TASK REQUIREMENTS:
In the listing that follows, find the line with "Immunohistochemical staining of", then copy exactly from it through the line with "Endometriosis con ecografía transvaginal", leaving out every picture.

SUPPLIED RECORDS:
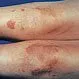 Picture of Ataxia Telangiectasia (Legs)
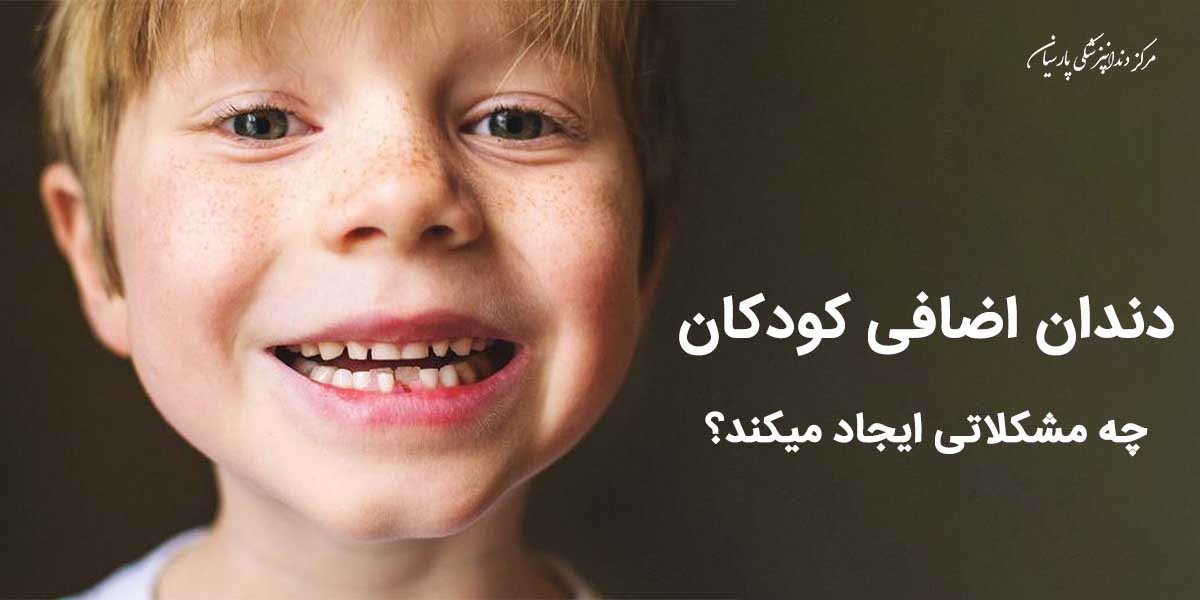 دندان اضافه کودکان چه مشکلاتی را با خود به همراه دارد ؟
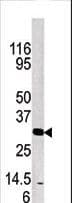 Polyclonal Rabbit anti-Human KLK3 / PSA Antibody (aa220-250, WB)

--

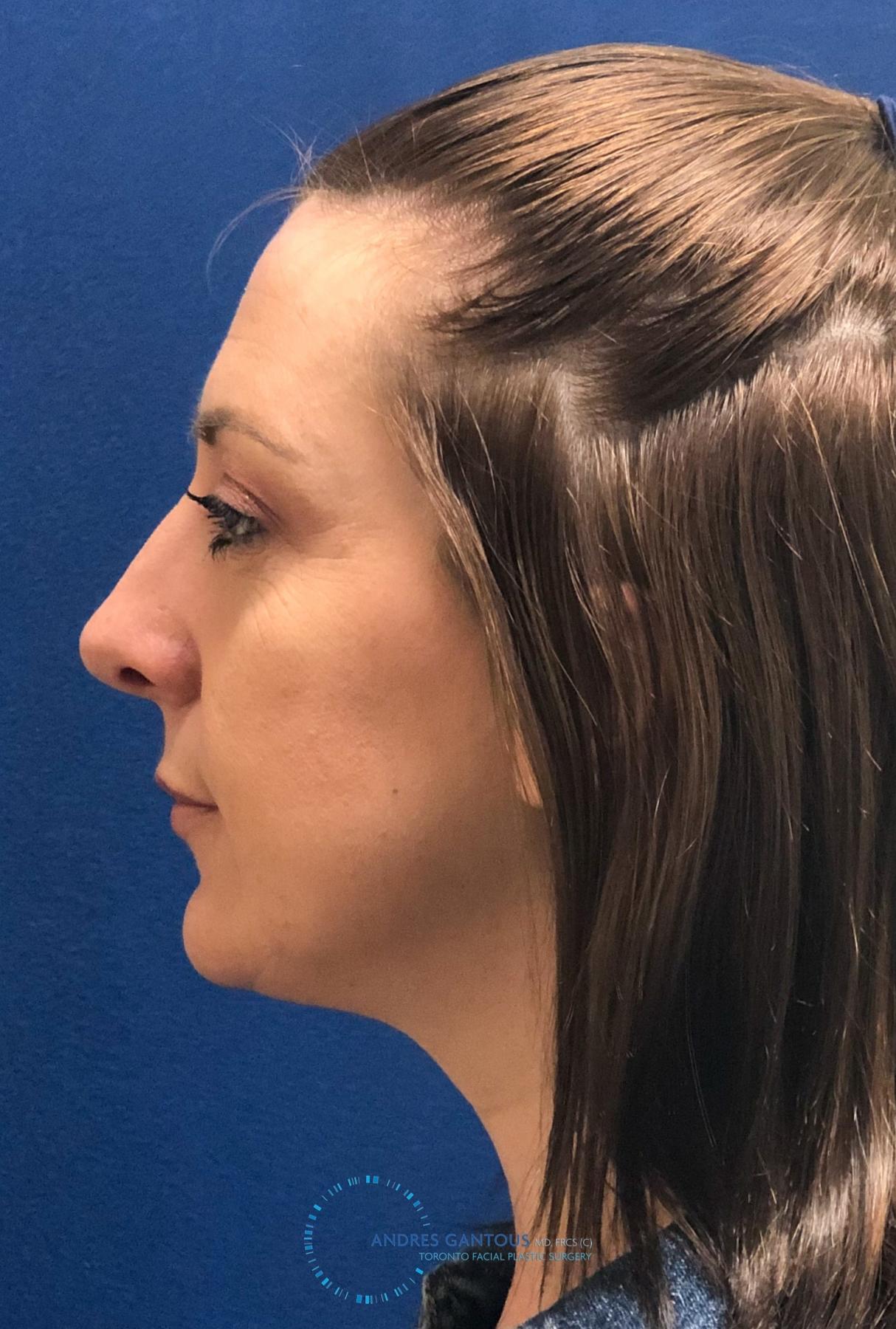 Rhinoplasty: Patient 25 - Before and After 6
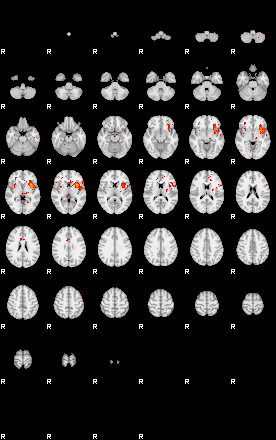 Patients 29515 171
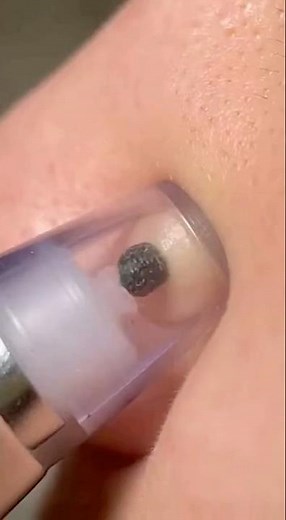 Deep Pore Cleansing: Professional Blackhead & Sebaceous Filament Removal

---

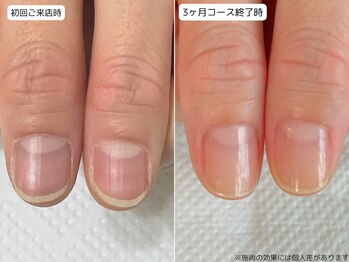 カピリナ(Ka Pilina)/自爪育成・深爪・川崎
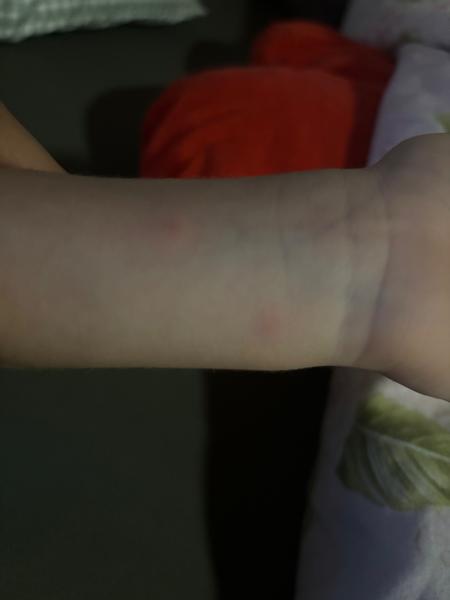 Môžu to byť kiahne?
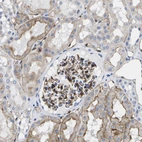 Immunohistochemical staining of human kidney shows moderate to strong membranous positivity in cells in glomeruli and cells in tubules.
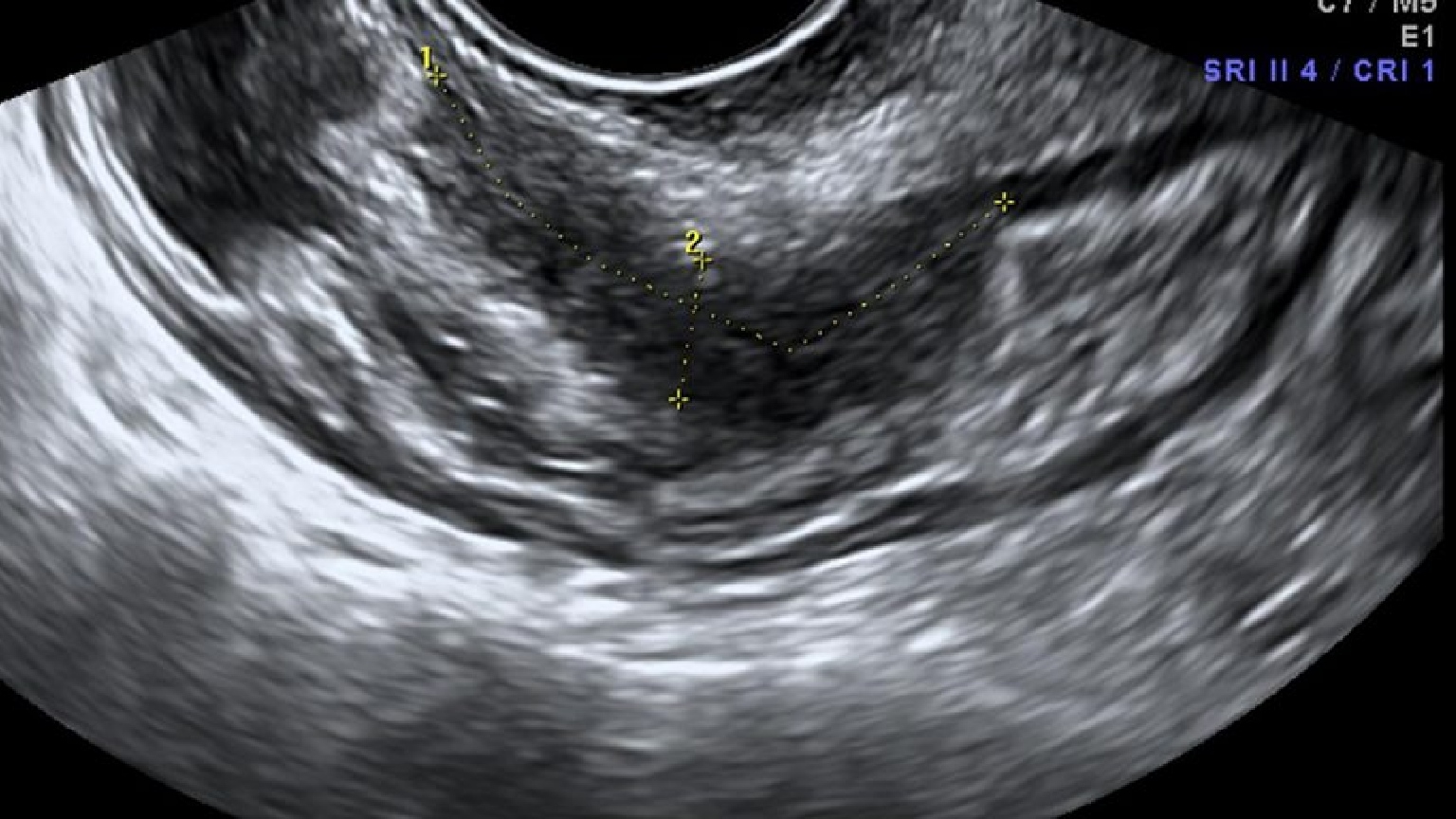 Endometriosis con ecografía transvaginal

ANSWER TO THE EXERCISE:
 Immunohistochemical staining of human kidney shows moderate to strong membranous positivity in cells in glomeruli and cells in tubules.
 Endometriosis con ecografía transvaginal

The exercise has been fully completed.